Tuesday, March 15, 2011

Photo Nostalgia - Syria, Part 1: Aleppo

In 2007, I trekked from Greece to Egypt... by land. This required going through Syria (via Turkey), at a time when Americans were advised against going there. Here's Part 1 of my Photo Nostalgia series on the country.
Bashar al-Assad welcomes you at the Turkish border (Bab al-Hawa) to the Syrian Arab Republic...

...where a proper queue up isn't de rigeur.

After clearing customs (which at first handed my passport back to the one other white guy), I was officially in, baby!

But our Turkish bus wouldn't be taking us very far. I was right above the wheel well when this bad boy exploded; forgive the stereotype of the Middle East if I say it felt like a landmine.

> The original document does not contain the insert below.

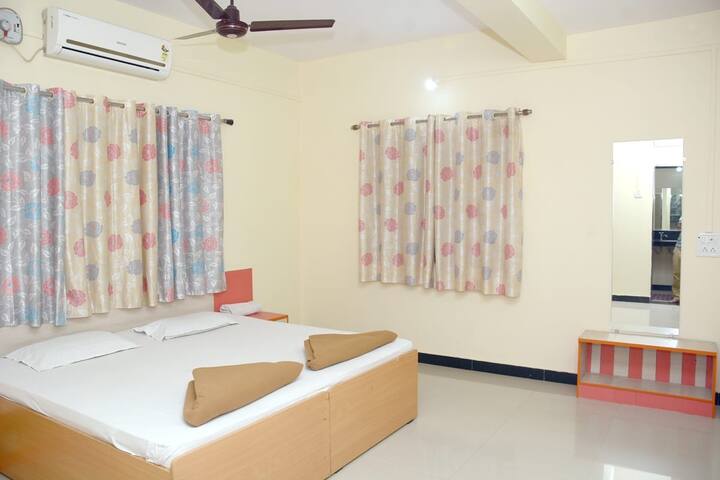 Boat House Picture Of Mtdc Resort Tarkarli Tripadvisor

Turkish enginuity, right there... and of course it didn't work (those are brittle sandstone rocks which crumbled shortly thereafter).

Kids from the border village came out to see our predicament... I tried some basic Arabic phrases, which they replied to enthusiastically (don't let their stoic faces fool you - that's a typical photo pose).

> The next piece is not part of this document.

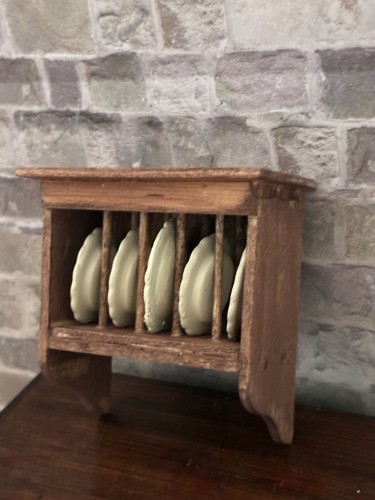 Dolls house scale artisan - house,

We eventually caught another bus that took us into Aleppo, Syria's second largest city. Here's the Citadel of Aleppo, dominating the city.

Syria was my first Arab country, but wouldn't be my last. That's more than I can say for this photo, which I'm a bit embarrassed about taking - it WOULD be my last in the Mid East.

Citadel of Aleppo

My two Pakistani-American acquaintances enter the Citadel.

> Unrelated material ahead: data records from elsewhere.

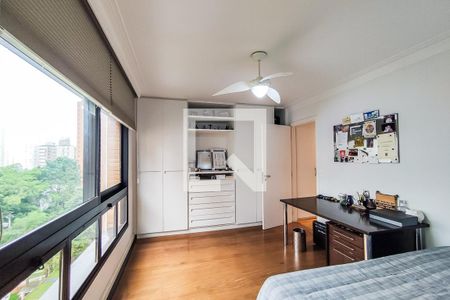 Apartamento à venda com 250m², 3 quartos e 4 vagasSuíte 3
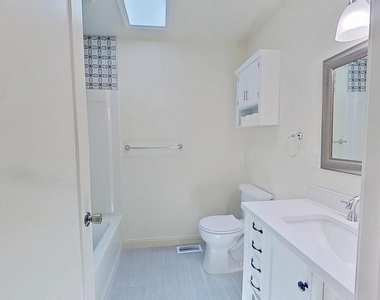 1443 W College Avenue - Photo Thumbnail 1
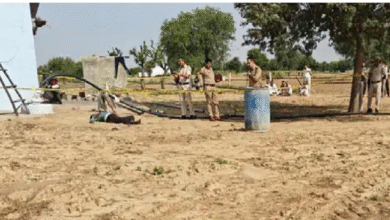 Photo of भिवानी में गला रेतकर की व्यक्ति की हत्या, खेत में बने कमरे के बाहर मिला फेंका शव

The Citadel is one of the oldest castles in the world, although it's been restored several times in its history.

Our newfound friend showed us around (name withheld, just in case).

Citadel interior

View over Aleppo (not the most photogenic of cities, but with plenty of attractions all the same)

My friend enjoys his waterpipe in the shade of the citadel's interior.

One of the many parts of Aleppo's famous souq, the world's largest.

Now THAT'S fresh.

Great Mosque of Aleppo, dating from the 13th century and believed by Muslims to house the remains of Zechariah, the father of John the Baptist (both revered as prophets in Islam).

Great Mosque

Interior of Great Mosque

A lot of cute kids wanted to get to know the Westerner. Their parents even invited me to coffee if I came to their city (the mosque was a pilgrimage destination within Syria).

Mihrab and minbar inside the Great Mosque

It's obviously a huge mosque.

More kids inside the mosque.

Not sure which street this was, but it was a bustling one even for Aleppo.

Bab al-Faraj, a clocktower that's a local landmark.

National Museum, Aleppo

I believe this was Hittite artwork, but I honestly have no clue (I don't remember good signs in the museum, unlike in Damascus... I might be very mistaken, however).

This is my handle, this is my spout...

A model of Aleppo, with the scope of the Citadel plain to see.

Horse beneath the ruins of the Church of St. Simeon Stylites (aka Deir Semaan), about 22 miles outside of Aleppo (and well worth the cab ride).

Deir Semaan

The cab driver that took us had never been here before, and even he was impressed. The size of the original basilica was nearly as large as Haghia Sophia in Istanbul. The rock at the center of the photo is all that remains of St. Simeon's 15 meter high pillar, due to centuries of relic taking.